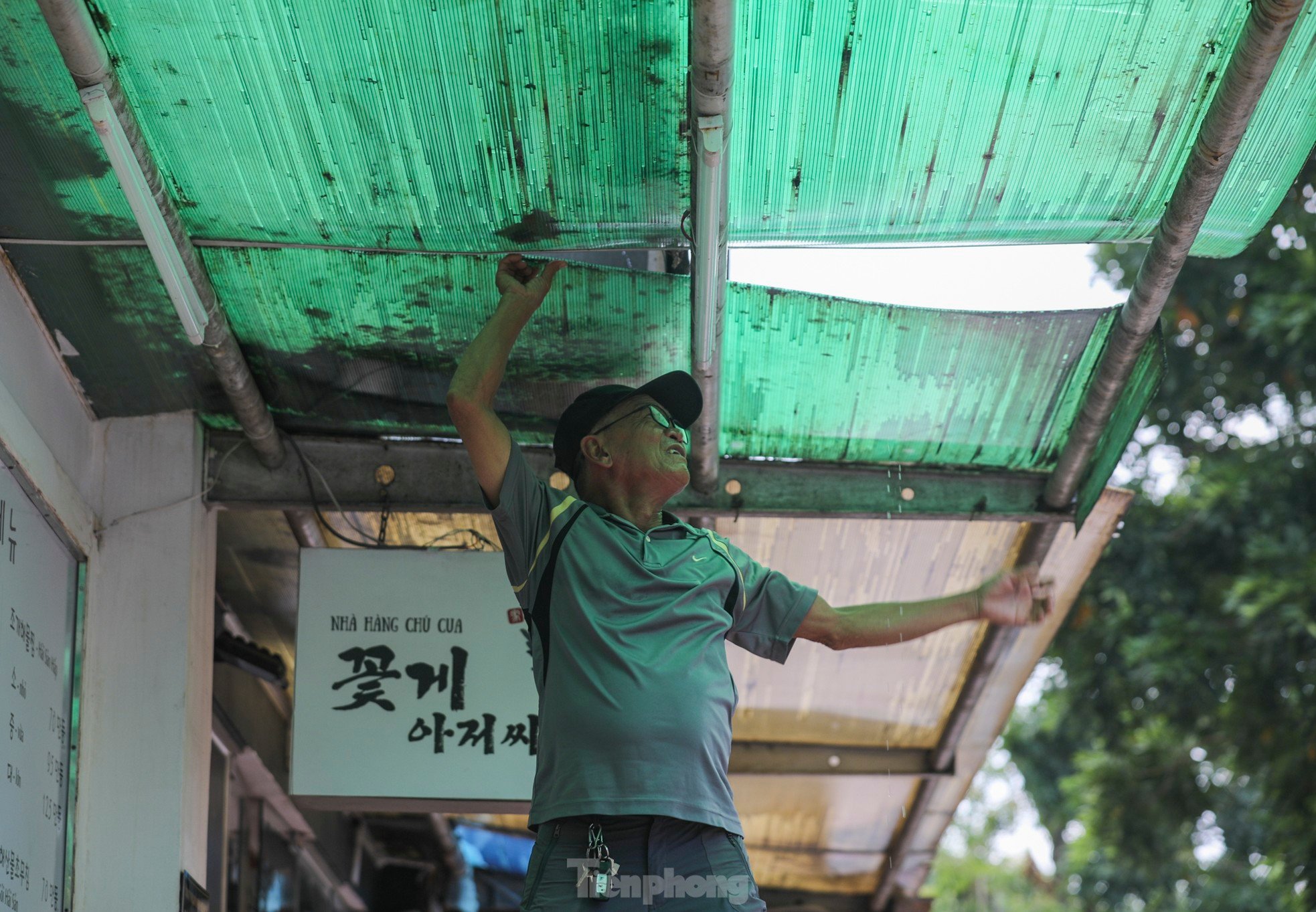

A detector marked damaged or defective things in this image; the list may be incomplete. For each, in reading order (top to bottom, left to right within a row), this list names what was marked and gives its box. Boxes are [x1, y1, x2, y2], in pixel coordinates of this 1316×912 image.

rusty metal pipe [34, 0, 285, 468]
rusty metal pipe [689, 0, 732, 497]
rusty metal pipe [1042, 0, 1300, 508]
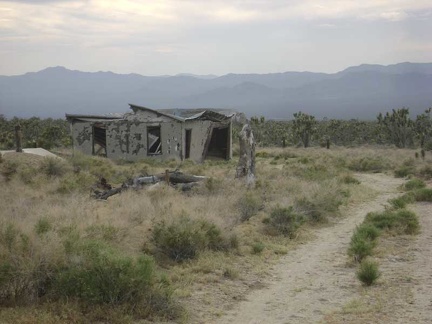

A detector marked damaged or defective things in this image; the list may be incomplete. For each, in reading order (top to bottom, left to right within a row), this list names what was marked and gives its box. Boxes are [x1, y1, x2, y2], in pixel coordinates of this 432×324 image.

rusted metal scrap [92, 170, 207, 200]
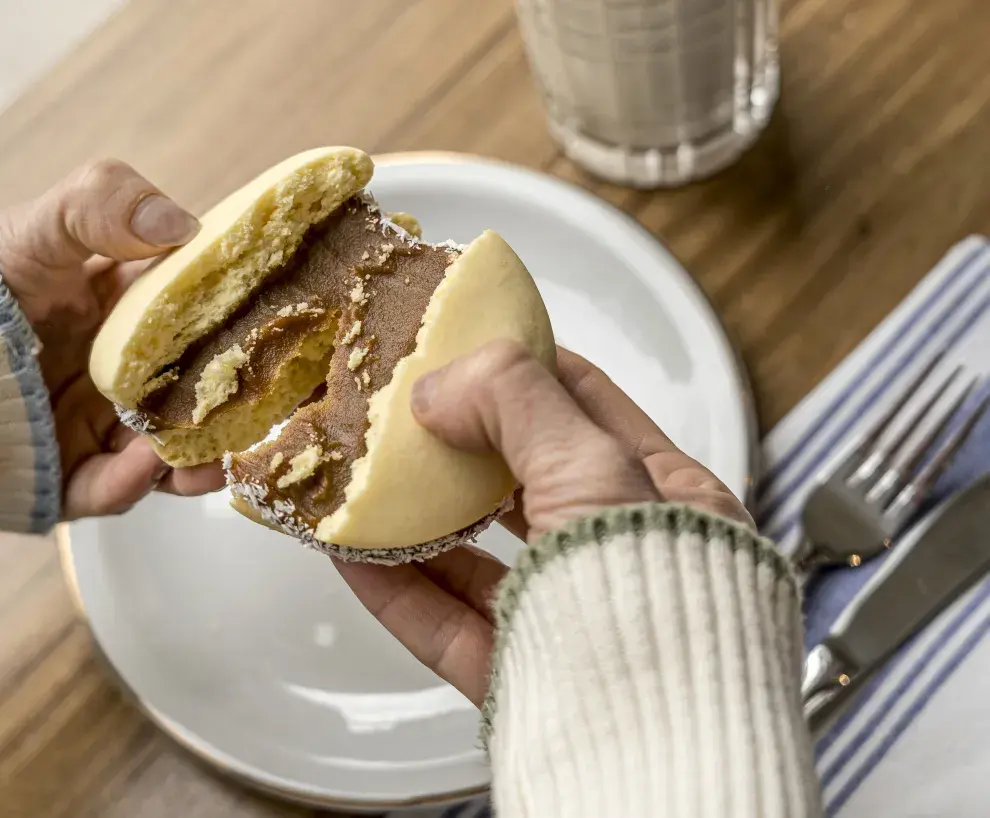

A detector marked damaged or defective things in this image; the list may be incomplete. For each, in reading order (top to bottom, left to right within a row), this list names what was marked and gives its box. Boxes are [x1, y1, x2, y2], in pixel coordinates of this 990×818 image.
───
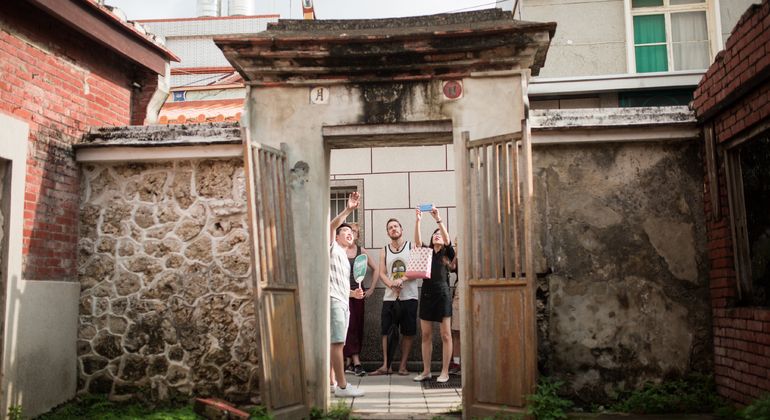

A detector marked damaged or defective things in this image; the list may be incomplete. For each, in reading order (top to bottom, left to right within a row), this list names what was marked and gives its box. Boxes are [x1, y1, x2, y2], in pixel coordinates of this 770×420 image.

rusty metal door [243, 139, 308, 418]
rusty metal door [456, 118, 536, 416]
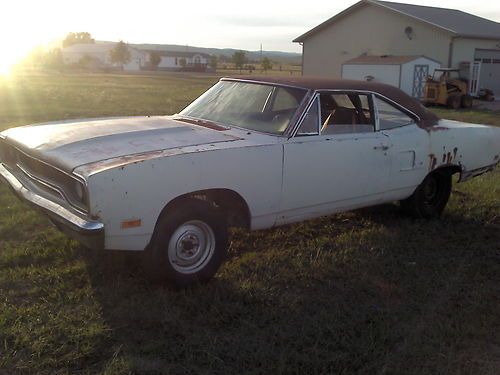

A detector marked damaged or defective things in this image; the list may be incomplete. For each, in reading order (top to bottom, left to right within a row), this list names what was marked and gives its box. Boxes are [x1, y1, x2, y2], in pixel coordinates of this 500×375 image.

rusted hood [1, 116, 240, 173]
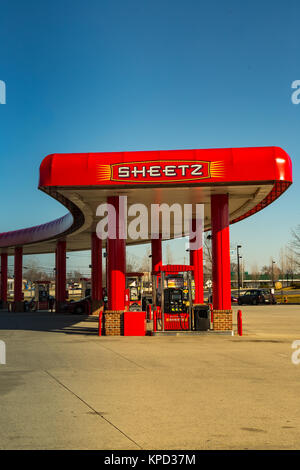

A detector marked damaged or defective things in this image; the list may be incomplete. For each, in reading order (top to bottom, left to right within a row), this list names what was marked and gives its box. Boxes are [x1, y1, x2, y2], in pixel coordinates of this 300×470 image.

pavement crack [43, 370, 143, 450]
───
Required action: From the data above, retype only the lines starting with the line with "this 1316×912 image." and going on through the line with "this 990×818 image.", exactly, leaving out the pictures.

Written answer:
A detector marked damaged or defective things in this image; the list may be incomplete. For each, in reading order (top to bottom, left to right within a row), this list names what was marked and gives its box. Boxes are [x1, y1, x2, y2], in pixel coordinates of this 1316×912 image.

rusty metal pipe [34, 0, 285, 468]
rusty metal pipe [689, 0, 732, 497]
rusty metal pipe [1042, 0, 1300, 508]

A detector marked damaged or defective things in this image; the list may be incomplete. For each, in reading order (top to bottom, left to right within a row), this list names what was marked and gives its box. Boxes are [x1, y1, x2, y2], in pixel coordinates of this 432×324 image.

rusted metal scrap [92, 170, 207, 200]

A detector marked damaged or defective things in this image; the list may be incomplete. For each, in reading order (top to bottom, left to right within a row), this list names what was marked and gives its box. Boxes are [x1, y1, x2, y2], in pixel coordinates of this 990×818 image.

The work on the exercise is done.